Exercise instructions — An exact reprint of the listing is required, with no pictures included.

Supplied information —

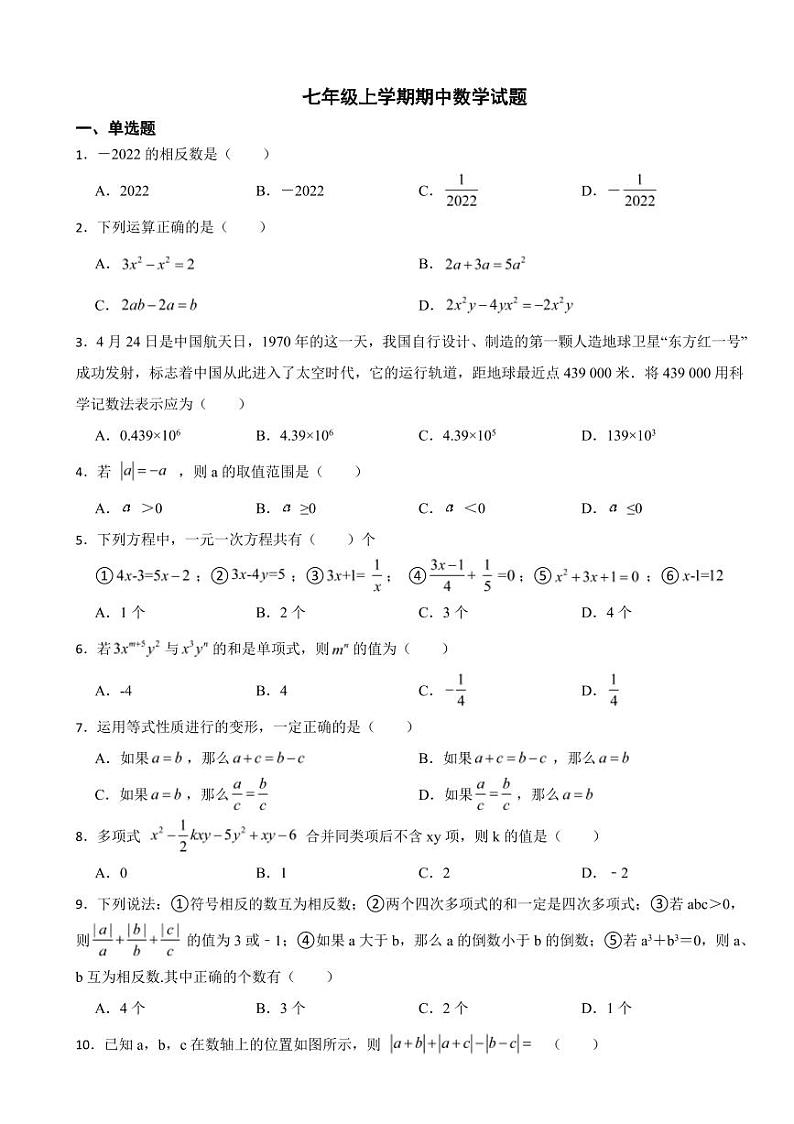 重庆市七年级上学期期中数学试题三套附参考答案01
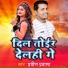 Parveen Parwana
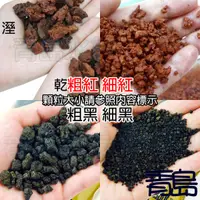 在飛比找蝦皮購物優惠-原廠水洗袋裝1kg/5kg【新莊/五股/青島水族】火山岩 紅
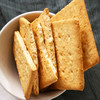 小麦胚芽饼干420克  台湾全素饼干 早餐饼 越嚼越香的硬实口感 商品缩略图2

Answer space —
 重庆市七年级上学期期中数学试题三套附参考答案01
 Parveen Parwana
 在飛比找蝦皮購物優惠-原廠水洗袋裝1kg/5kg【新莊/五股/青島水族】火山岩 紅
 小麦胚芽饼干420克  台湾全素饼干 早餐饼 越嚼越香的硬实口感 商品缩略图2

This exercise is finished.